**Instructions for the task**: Go through the entries below from the first line and output each one exactly, up to and including the line with "Rochie de cocktail".

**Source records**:

__________

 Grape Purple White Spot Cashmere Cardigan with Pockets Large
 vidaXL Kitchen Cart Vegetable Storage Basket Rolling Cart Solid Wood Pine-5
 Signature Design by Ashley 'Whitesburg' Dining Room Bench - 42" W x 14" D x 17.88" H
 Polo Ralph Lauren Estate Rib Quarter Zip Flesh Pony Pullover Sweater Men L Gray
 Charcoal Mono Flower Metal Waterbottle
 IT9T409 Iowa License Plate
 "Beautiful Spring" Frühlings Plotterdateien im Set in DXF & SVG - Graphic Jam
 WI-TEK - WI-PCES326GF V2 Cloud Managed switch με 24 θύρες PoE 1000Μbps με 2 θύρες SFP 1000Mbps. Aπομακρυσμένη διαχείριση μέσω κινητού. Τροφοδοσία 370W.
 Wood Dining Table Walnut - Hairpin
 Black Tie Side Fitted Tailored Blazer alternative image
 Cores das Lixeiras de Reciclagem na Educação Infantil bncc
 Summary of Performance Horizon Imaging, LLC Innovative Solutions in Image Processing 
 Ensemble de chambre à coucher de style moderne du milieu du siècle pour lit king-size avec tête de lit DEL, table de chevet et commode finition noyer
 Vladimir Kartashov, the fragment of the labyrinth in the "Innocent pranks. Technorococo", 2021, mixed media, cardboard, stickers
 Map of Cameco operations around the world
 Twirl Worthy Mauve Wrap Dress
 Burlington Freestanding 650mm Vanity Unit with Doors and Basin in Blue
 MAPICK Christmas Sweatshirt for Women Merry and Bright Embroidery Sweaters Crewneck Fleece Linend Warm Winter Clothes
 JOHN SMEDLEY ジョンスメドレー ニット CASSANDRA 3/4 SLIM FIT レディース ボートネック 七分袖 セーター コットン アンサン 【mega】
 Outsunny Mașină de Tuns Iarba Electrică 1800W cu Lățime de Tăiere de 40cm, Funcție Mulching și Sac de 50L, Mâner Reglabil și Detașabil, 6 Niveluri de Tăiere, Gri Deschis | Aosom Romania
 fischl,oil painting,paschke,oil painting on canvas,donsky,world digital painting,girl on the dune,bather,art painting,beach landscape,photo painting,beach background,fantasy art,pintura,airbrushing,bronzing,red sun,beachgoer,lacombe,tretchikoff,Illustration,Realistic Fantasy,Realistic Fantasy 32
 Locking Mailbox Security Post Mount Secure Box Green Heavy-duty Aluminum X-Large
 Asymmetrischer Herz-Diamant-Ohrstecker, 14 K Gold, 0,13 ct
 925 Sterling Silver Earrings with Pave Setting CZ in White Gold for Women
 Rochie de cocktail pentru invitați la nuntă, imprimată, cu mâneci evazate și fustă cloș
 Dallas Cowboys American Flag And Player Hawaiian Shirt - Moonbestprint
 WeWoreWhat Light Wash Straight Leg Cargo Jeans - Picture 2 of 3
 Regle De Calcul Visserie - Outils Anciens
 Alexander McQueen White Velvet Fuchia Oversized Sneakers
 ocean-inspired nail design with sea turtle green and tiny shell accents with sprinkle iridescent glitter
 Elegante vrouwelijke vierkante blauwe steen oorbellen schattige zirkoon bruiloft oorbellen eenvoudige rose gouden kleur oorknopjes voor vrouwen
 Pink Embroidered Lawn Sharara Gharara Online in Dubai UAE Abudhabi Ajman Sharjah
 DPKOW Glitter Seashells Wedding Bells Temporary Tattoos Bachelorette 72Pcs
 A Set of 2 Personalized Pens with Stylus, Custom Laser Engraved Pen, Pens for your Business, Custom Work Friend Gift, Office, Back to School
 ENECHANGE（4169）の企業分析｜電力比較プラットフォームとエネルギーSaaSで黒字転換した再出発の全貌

__________

**Answer**:
 Grape Purple White Spot Cashmere Cardigan with Pockets Large
 vidaXL Kitchen Cart Vegetable Storage Basket Rolling Cart Solid Wood Pine-5
 Signature Design by Ashley 'Whitesburg' Dining Room Bench - 42" W x 14" D x 17.88" H
 Polo Ralph Lauren Estate Rib Quarter Zip Flesh Pony Pullover Sweater Men L Gray
 Charcoal Mono Flower Metal Waterbottle
 IT9T409 Iowa License Plate
 "Beautiful Spring" Frühlings Plotterdateien im Set in DXF & SVG - Graphic Jam
 WI-TEK - WI-PCES326GF V2 Cloud Managed switch με 24 θύρες PoE 1000Μbps με 2 θύρες SFP 1000Mbps. Aπομακρυσμένη διαχείριση μέσω κινητού. Τροφοδοσία 370W.
 Wood Dining Table Walnut - Hairpin
 Black Tie Side Fitted Tailored Blazer alternative image
 Cores das Lixeiras de Reciclagem na Educação Infantil bncc
 Summary of Performance Horizon Imaging, LLC Innovative Solutions in Image Processing 
 Ensemble de chambre à coucher de style moderne du milieu du siècle pour lit king-size avec tête de lit DEL, table de chevet et commode finition noyer
 Vladimir Kartashov, the fragment of the labyrinth in the "Innocent pranks. Technorococo", 2021, mixed media, cardboard, stickers
 Map of Cameco operations around the world
 Twirl Worthy Mauve Wrap Dress
 Burlington Freestanding 650mm Vanity Unit with Doors and Basin in Blue
 MAPICK Christmas Sweatshirt for Women Merry and Bright Embroidery Sweaters Crewneck Fleece Linend Warm Winter Clothes
 JOHN SMEDLEY ジョンスメドレー ニット CASSANDRA 3/4 SLIM FIT レディース ボートネック 七分袖 セーター コットン アンサン 【mega】
 Outsunny Mașină de Tuns Iarba Electrică 1800W cu Lățime de Tăiere de 40cm, Funcție Mulching și Sac de 50L, Mâner Reglabil și Detașabil, 6 Niveluri de Tăiere, Gri Deschis | Aosom Romania
 fischl,oil painting,paschke,oil painting on canvas,donsky,world digital painting,girl on the dune,bather,art painting,beach landscape,photo painting,beach background,fantasy art,pintura,airbrushing,bronzing,red sun,beachgoer,lacombe,tretchikoff,Illustration,Realistic Fantasy,Realistic Fantasy 32
 Locking Mailbox Security Post Mount Secure Box Green Heavy-duty Aluminum X-Large
 Asymmetrischer Herz-Diamant-Ohrstecker, 14 K Gold, 0,13 ct
 925 Sterling Silver Earrings with Pave Setting CZ in White Gold for Women
 Rochie de cocktail pentru invitați la nuntă, imprimată, cu mâneci evazate și fustă cloș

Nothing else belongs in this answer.